Il n’y a pas de sot métier, mais ils n’ont pas tous la même valeur aux yeux de la société ; certains sont considérés comme essentiels alors que d’autres sont en voie d’être effectués par des robots. N’empêche, il y a une job qui demande des skills biens précis qu’aucun tas de férial à circuits intégrés ne pourrait exécuter : le transport d’êtres humains. On ne parle pas ici de conduire un autobus ou un taxi, mais plutôt un véhicule personnel avec mission d’amener un colis précieux à bon port. Est-ce légal… probablement pas. Ça prend tout de même des gens pour naviguer les zones grises et les dédales administratifs afin d’apporter de l’aide à ceux à court de moyens comme dans Débarqués.
Ce n’est pas de grandeur d’âme que Gil va jusque dans le fin fond des bois avec deux handicapés : un quadriplégique et un trisomique. Il y a de l’argent à faire avec le malheur des autres. En revanche, il n’est pas un rapace qui s’en met plein les poches en se foutant éperdument des droits et de la dignité de ses passagers. Ces pauvres bougres n’ont plus de foyer ; ils sont abandonnés à leur sort. Ce n’est pas facile de s’occuper de personnes vulnérables qui dépendent d’autrui pour subvenir à leurs besoins. C’est un choix déchirant — dans la plupart des cas — de s’en départir, mais la vie est parfois mal faite. Il doit donc les amener à leur dernière demeure. Non, il ne s’agit pas de les abattre derrière la grange comme des animaux malades, mais plutôt de les débarquer sur une île où se trouve une clinique « off the grid » où ils seront pris en main…du moins, on l’espère.
« Je vais crevez vous comprenez ? Et je veux pas que mon Winston finisse tout seul dans un de ces centres où on est moins bien traité qu’à la SPCA !!! »
Il faut être fait fort. e pour accepter un tel contrat sans broncher. Ça prend surtout une bonne dose d’humanité et de compassion. Par contre, Jean-Fran, le helper engagé par Gil en manque cruellement et risque de faire foirer le plan réglé au quart de tour avec son attitude de marde. Cela finira par leur coûter bien plus qu’une liasse de billets en petites coupures. Il ne faut pas oublier qu’il y a des vies en jeu. Ils sont tous dans le même bateau qui pourrait chavirer d’un moment à l’autre. Il s’agit de ne pas trop faire de vagues et de go with the flow ou comme dirait Coco « c’est pa’ti mon kiki. »

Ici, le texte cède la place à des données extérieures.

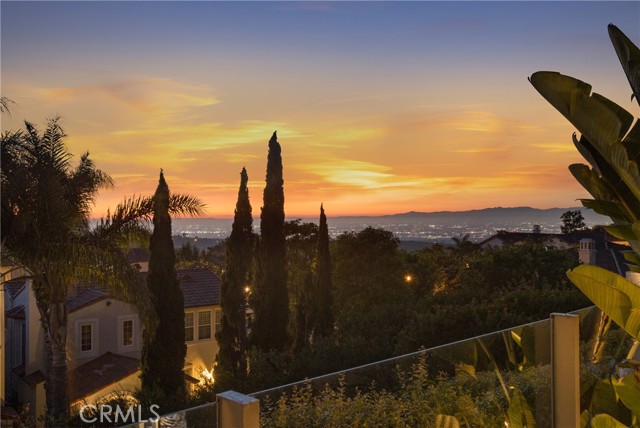 33 Renata, Newport Coast CA: https://media.crmls.org/medias/5079c057-77ce-4eb9-8ef5-cd4813c9881a.jpg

Débarqués c’est avant tout un road trip qui aurait pu être un road movie dans la façon dont il a été scénarisé (André Marois) et mis en image (Michel Hellman.) Le noir et blanc se prête bien au silence du long trajet parsemé de bribes de conversations à travers cette contrée sauvage. En plus d’offrir une trame narrative des plus divertissante, on se prend à réfléchir au sort des laissés-pour-compte et sur notre devoir collectif de les protéger.